Once upon a midnight dreary, we were told that if we broke up the AT&T telephone monopoly and allowed those wonderful free market forces to take over, our bills would drop, competition would rule. Not so. Landline bills have risen by an average of 400%, while cell phone bills are outrageous. Most of us can’t even figure out our phone bills.
Cable service has been even worse. Cable began as a means of bringing television to areas that could not get broadcast TV or, like my parents’ home in central Vermont, could only get one channel if the antenna was on the barn roof (we didn’t own the barn) and another channel if we put the antenna halfway up the mountain. A strong wind would have one of us at the antenna, one in the window and the third in front of the TV to holler “You got it!” We spent seven years watching NBC. But since 1995, cable prices have risen 2.6 times faster than the cost of living. Just between 2001 and 2011, basic cable has doubled nationally. One of the reasons Fox News beats MSNBC in the ratings is because Fox is basic cable and MSNBC is next tier and costs more.

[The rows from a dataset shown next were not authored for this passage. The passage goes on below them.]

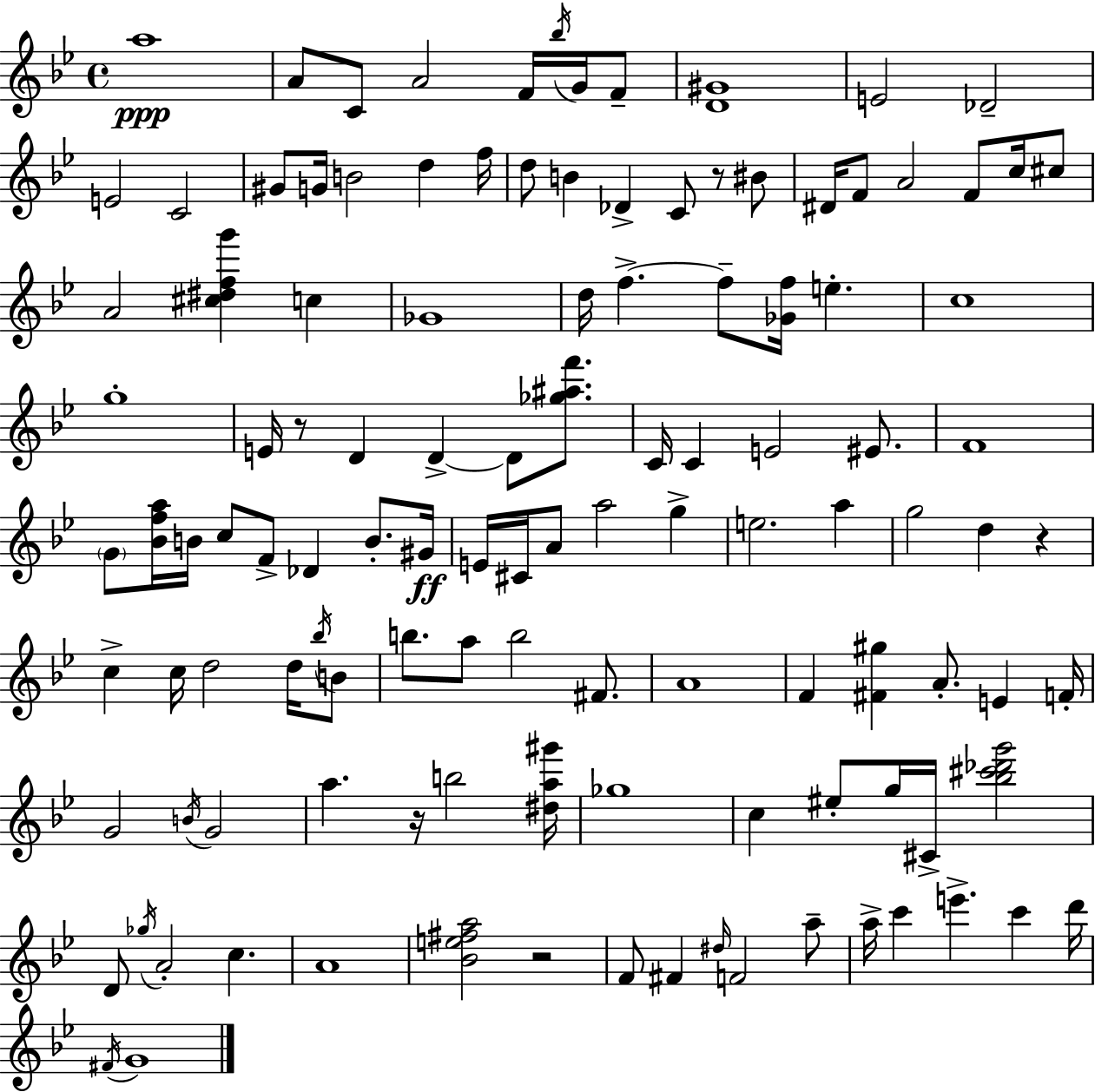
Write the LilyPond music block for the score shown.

{
  \clef treble
  \time 4/4
  \defaultTimeSignature
  \key g \minor
  a''1\ppp | a'8 c'8 a'2 f'16 \acciaccatura { bes''16 } g'16 f'8-- | <d' gis'>1 | e'2 des'2-- | \break e'2 c'2 | gis'8 g'16 b'2 d''4 | f''16 d''8 b'4 des'4-> c'8 r8 bis'8 | dis'16 f'8 a'2 f'8 c''16 cis''8 | \break a'2 <cis'' dis'' f'' g'''>4 c''4 | ges'1 | d''16 f''4.->~~ f''8-- <ges' f''>16 e''4.-. | c''1 | \break g''1-. | e'16 r8 d'4 d'4->~~ d'8 <ges'' ais'' f'''>8. | c'16 c'4 e'2 eis'8. | f'1 | \break \parenthesize g'8 <bes' f'' a''>16 b'16 c''8 f'8-> des'4 b'8.-. | gis'16\ff e'16 cis'16 a'8 a''2 g''4-> | e''2. a''4 | g''2 d''4 r4 | \break c''4-> c''16 d''2 d''16 \acciaccatura { bes''16 } | b'8 b''8. a''8 b''2 fis'8. | a'1 | f'4 <fis' gis''>4 a'8.-. e'4 | \break f'16-. g'2 \acciaccatura { b'16 } g'2 | a''4. r16 b''2 | <dis'' a'' gis'''>16 ges''1 | c''4 eis''8-. g''16 cis'16-> <bes'' cis''' des''' g'''>2 | \break d'8 \acciaccatura { ges''16 } a'2-. c''4. | a'1 | <bes' e'' fis'' a''>2 r2 | f'8 fis'4 \grace { dis''16 } f'2 | \break a''8-- a''16-> c'''4 e'''4.-> | c'''4 d'''16 \acciaccatura { fis'16 } g'1 | \bar "|."
}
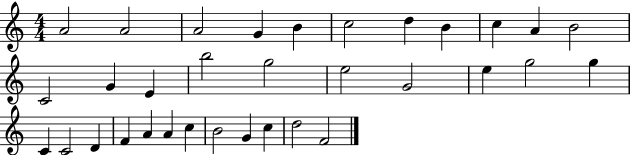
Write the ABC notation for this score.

X:1
T:Untitled
M:4/4
L:1/4
K:C
A2 A2 A2 G B c2 d B c A B2 C2 G E b2 g2 e2 G2 e g2 g C C2 D F A A c B2 G c d2 F2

Johnston writes that the reason this has happened is “The telecos got the rules changed while we weren’t watching.” Lobbyists managed to get laws and regulations changed to benefit them and hurt us.
In the past 20 years, the telecom industry has collected amost $500 billion from us to bring us the “Information Superhighway” but have not spent that money providing us with that national upgrade. Our information infrastructure is as worn out and outdated as our power grid, and they are holding our country back in the global economy.
When my younger daughter was in college, she brought a friend home for Thanksgiving. Ingrid was from Germany, and was telling us about a very bad day at home when she was locked in a drugstore because the city was suffering its first ever power failure. First ever in her 21 years of life. We considered ourselves lucky if we got through a thunderstorm without losing power.
AT&T was broken up to provide competition and reduce costs, but we have seen quite the opposite happen. Cable companies and internet providers hold local monopolies for services. I can get satellite TV, but not satellite internet because Comcast holds the internet monopoly for my city along with the cable monopoly. Verizon gave up building its fiber optic land lines and sold the land line business to a smaller company that has struggled with the structure and needs, which, of course, drove more people to Verizon wireless service. For land lines where they still own the systems, Verizon cut a deal that allows them to piggyback on Comcast cables. Instead of free flowing competition, we have AT&T and Verizon holding 60% of the phone service in America.
Profit is the great motivator in American industry. If it is possible to provide bad service at a high price, a company will do so. If it is possible to avoid having real employees with decent wages and benefits, companies will do so. The business model has a name, at least in retail. It’s called “The Walmart Model,” and it is not conducive to improving our economy.’
Republicans say that liberal don’t believe in “American Exceptionalism” because we point out what is wrong in our country. I think we believe in exceptionalism more than they do, and we want to be exceptional again, and America cannot be exceptional if we don’t admit how far we have slipped compared to the rest of the world.